I previously had OpenPBS running fine in a cloud environment, but I’m not unable to get new nodes to register. Seems like the Scheduler isn’t learning about the new nodes at all.
On the compute node we don’t see anything suspicious in the mom_logs
.
On the scheduler:
[root@ip-10-102-101-252 comm_logs]# qstat
Job id Name User Time Use S Queue
---------------- ---------------- ---------------- -------- - -----
1062.ip-10-102-1* hello-world my-user 0 Q test
[root@ip-10-102-101-252 comm_logs]# cat /etc/pbs.conf
PBS_SERVER=ip-10-102-101-252
PBS_START_SERVER=1
PBS_START_SCHED=1
PBS_START_COMM=1
PBS_START_MOM=0
PBS_EXEC=/opt/pbs
PBS_HOME=/var/spool/pbs
PBS_CORE_LIMIT=unlimited
PBS_SCP=/usr/bin/scp
[root@ip-10-102-101-252 comm_logs]# pbsnodes -av
pbsnodes: Server has no node list
Nothing on the Scheduler looks obviously suspicious in the server_logs
, mom_logs
or comm_logs
.
In the server logs we see requests like this come in (from compute nodes):
11/30/2023 22:32:58;0100;Server@ip-10-102-101-252;Req;;Type 19 request received from user@ip-10-102-101-133.cloud.domain, sock=16
I’ve been able to manually create the node with a command like this:
qmgr -c "create node ip-10-102-101-133.cloud.domain"

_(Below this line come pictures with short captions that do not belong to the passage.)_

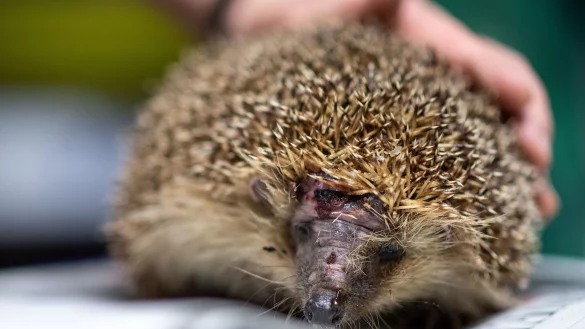 Ein Igel mit einer Kopfverletzung sitzt auf einer Zeitung. Das NRW-Landwirtschaftsministerium warnt vor der Gefahr durch M&auml;hroboter. - &copy; Marius Becker/dpa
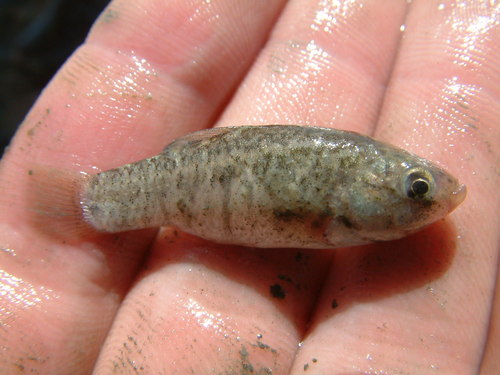 Desert Pupfish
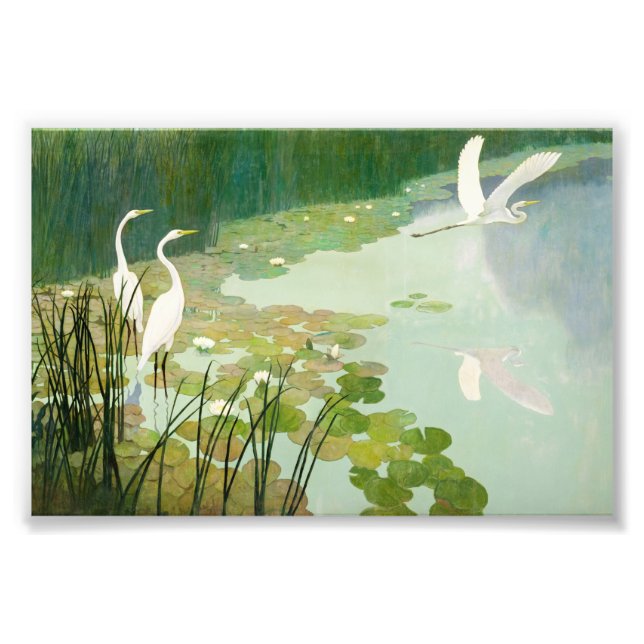 Herons in Summer by Newell Convers Wyeth Photo Print (Front)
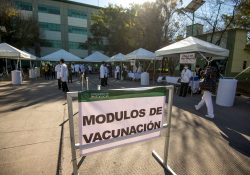 Prometen vacunar a 3 millones de adultos mayores en 7 días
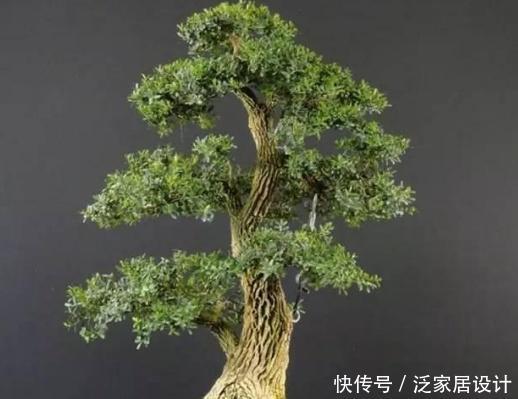  [修剪]盆景黄杨养殖方法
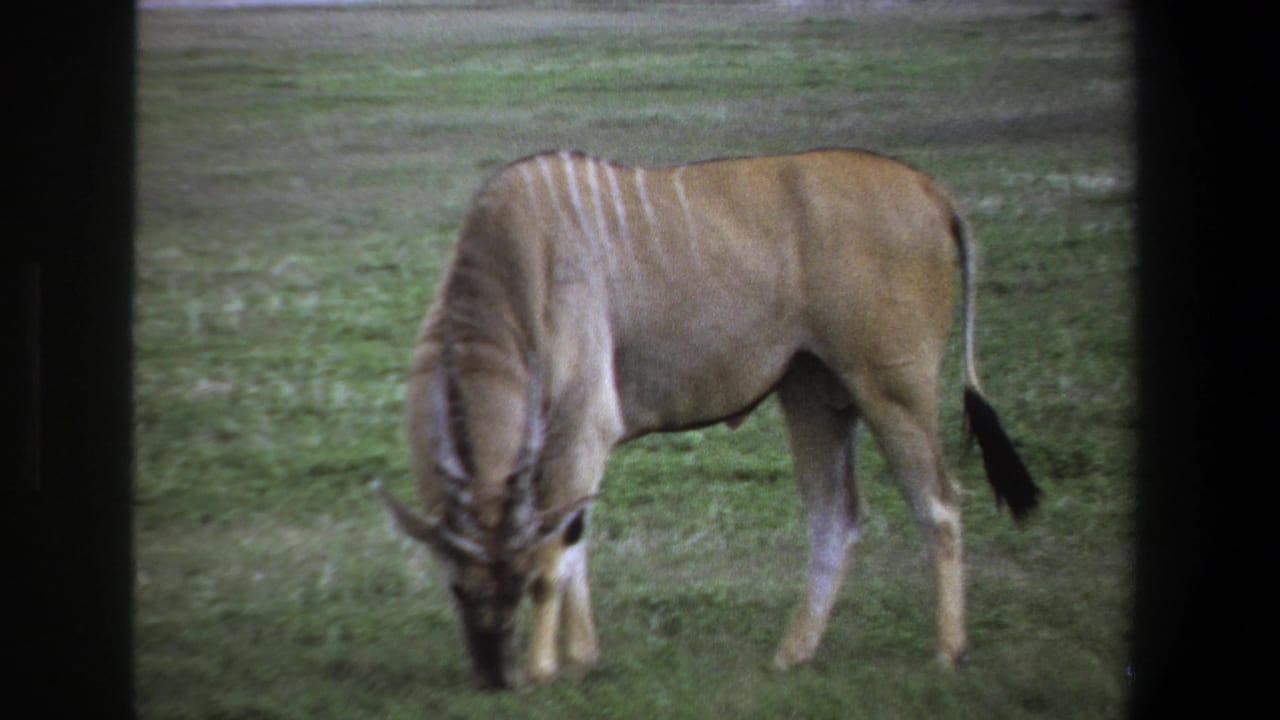 1969 Pretoria home-movie frame showing a horned antelope lowering its head to graze in a grassy field.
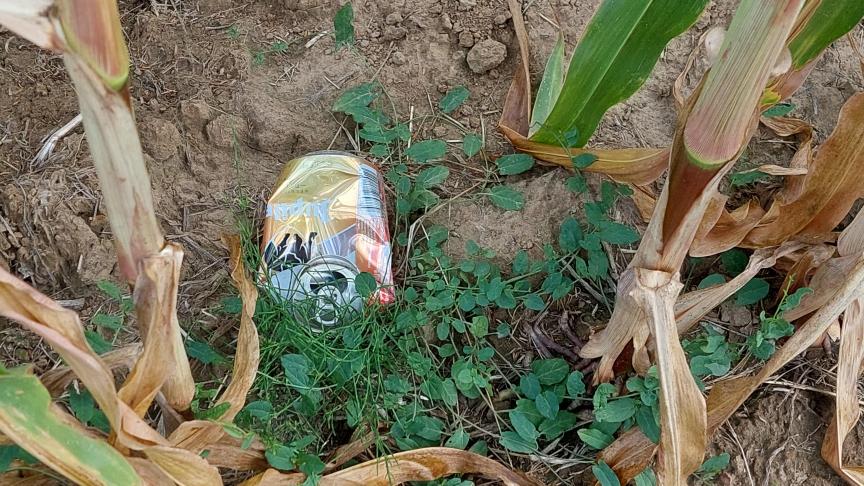 Landbouwdieren kunnen sterven door delen van blikjes en flesjes die in hun voer terechtkomen.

But previously, this would have been done automatically.
Note that we have a setup where the FQDN is the same as the canonical name, i.e. hostname
will return something like ip-10-102-101-133.cloud.domain
. This setup has worked for us in the past.
Are there other place to look to investigate why the compute nodes don’t seem to register to the Scheduler on their own?